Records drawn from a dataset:
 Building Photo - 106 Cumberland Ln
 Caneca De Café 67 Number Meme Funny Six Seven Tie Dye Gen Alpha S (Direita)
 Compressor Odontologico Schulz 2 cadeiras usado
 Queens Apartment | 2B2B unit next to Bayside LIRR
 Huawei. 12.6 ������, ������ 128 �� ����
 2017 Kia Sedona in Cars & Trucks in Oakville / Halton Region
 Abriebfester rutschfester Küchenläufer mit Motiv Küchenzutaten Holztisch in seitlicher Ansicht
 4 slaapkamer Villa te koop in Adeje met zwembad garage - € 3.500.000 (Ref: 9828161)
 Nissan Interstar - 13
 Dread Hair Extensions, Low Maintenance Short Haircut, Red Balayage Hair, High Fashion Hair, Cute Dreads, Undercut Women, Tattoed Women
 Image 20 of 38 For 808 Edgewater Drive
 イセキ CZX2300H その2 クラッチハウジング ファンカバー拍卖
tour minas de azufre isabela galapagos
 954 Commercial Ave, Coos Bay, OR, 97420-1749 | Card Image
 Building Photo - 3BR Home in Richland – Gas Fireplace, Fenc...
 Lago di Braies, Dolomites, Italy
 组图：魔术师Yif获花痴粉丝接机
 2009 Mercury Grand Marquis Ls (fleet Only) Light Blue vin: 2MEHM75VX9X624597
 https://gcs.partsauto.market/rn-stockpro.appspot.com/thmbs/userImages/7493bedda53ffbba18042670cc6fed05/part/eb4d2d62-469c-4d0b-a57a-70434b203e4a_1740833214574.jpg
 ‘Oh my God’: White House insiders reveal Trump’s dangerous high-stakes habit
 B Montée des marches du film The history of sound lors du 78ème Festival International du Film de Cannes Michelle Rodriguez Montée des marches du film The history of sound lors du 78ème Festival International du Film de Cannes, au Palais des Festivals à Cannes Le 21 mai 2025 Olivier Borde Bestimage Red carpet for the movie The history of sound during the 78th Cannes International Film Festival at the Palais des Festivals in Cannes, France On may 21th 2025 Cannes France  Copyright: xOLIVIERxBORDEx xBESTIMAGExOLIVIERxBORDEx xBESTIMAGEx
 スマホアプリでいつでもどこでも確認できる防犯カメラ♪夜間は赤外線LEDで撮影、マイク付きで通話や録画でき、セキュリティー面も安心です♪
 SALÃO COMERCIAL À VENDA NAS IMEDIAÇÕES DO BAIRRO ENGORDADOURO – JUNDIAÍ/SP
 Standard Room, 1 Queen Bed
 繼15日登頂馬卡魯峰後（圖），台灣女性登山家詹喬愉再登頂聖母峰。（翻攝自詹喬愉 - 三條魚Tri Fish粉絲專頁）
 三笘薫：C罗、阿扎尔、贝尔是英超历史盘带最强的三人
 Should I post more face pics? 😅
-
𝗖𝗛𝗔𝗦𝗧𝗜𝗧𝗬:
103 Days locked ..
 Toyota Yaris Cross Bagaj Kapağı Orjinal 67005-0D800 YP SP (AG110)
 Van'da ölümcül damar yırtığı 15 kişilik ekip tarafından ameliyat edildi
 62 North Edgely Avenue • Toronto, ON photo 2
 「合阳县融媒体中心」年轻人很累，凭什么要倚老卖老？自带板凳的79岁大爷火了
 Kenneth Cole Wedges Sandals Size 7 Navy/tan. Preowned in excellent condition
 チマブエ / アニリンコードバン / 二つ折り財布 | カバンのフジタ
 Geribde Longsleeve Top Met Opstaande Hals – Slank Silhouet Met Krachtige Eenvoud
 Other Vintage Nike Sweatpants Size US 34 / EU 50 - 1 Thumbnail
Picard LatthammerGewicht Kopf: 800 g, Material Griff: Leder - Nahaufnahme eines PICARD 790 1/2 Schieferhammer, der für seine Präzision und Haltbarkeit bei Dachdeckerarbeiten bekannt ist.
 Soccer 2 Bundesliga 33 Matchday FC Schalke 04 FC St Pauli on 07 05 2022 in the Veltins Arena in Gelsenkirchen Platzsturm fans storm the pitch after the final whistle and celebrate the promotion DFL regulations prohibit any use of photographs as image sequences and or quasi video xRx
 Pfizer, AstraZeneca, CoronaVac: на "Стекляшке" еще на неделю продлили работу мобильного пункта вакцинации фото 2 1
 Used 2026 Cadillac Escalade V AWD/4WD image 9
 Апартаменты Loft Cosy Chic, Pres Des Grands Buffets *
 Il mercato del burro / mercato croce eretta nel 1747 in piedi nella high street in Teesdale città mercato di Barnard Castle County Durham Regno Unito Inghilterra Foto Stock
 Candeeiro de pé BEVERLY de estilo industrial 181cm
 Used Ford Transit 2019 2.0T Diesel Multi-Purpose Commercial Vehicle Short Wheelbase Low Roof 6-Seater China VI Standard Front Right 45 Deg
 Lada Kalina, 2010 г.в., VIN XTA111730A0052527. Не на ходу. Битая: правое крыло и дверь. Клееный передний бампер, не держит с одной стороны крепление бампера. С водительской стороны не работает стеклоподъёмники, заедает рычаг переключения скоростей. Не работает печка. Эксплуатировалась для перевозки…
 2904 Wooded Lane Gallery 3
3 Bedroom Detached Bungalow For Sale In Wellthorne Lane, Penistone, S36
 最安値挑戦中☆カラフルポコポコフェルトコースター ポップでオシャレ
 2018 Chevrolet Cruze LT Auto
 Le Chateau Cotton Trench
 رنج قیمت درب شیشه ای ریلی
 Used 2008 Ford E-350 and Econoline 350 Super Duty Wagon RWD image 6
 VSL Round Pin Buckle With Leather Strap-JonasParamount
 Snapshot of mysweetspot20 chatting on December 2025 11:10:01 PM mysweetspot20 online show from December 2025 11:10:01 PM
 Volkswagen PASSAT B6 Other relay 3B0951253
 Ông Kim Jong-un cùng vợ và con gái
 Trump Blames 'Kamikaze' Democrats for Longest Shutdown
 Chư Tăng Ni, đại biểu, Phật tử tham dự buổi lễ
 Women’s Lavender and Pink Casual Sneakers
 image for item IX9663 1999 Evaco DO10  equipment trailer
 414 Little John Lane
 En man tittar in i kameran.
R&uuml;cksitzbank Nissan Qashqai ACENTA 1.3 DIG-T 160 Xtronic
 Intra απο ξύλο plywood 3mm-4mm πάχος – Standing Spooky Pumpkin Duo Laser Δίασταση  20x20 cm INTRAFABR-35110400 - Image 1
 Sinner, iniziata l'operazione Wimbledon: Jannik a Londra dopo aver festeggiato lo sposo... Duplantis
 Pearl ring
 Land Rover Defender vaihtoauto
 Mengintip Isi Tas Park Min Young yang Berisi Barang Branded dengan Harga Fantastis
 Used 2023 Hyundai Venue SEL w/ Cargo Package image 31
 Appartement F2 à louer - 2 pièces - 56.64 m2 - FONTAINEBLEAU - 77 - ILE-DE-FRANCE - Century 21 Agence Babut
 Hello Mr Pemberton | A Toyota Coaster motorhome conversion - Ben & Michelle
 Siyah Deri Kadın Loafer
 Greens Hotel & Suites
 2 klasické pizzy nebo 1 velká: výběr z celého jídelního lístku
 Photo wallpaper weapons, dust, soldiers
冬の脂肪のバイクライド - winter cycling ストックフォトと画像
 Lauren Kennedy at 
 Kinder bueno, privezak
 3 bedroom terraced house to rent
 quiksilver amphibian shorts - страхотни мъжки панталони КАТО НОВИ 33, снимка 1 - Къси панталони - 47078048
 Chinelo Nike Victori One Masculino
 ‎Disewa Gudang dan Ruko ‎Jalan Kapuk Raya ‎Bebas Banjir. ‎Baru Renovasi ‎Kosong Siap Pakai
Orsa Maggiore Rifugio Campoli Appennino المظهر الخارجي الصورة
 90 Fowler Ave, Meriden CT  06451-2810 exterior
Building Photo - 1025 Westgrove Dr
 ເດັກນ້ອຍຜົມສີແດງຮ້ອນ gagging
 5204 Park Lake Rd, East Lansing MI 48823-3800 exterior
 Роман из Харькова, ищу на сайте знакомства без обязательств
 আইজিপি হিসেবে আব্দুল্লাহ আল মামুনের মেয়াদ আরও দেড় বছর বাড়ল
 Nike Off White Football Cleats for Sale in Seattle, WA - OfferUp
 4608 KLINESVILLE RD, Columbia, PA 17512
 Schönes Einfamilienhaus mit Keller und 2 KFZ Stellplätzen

WORK REQUEST: Each line of the records above, from the first through the one containing "Huawei. 12.6 ������, ������ 128 �� ����", is to be retyped exactly; no other line belongs.

PROBLEM SOLUTION:
 Building Photo - 106 Cumberland Ln
 Caneca De Café 67 Number Meme Funny Six Seven Tie Dye Gen Alpha S (Direita)
 Compressor Odontologico Schulz 2 cadeiras usado
 Queens Apartment | 2B2B unit next to Bayside LIRR
 Huawei. 12.6 ������, ������ 128 �� ����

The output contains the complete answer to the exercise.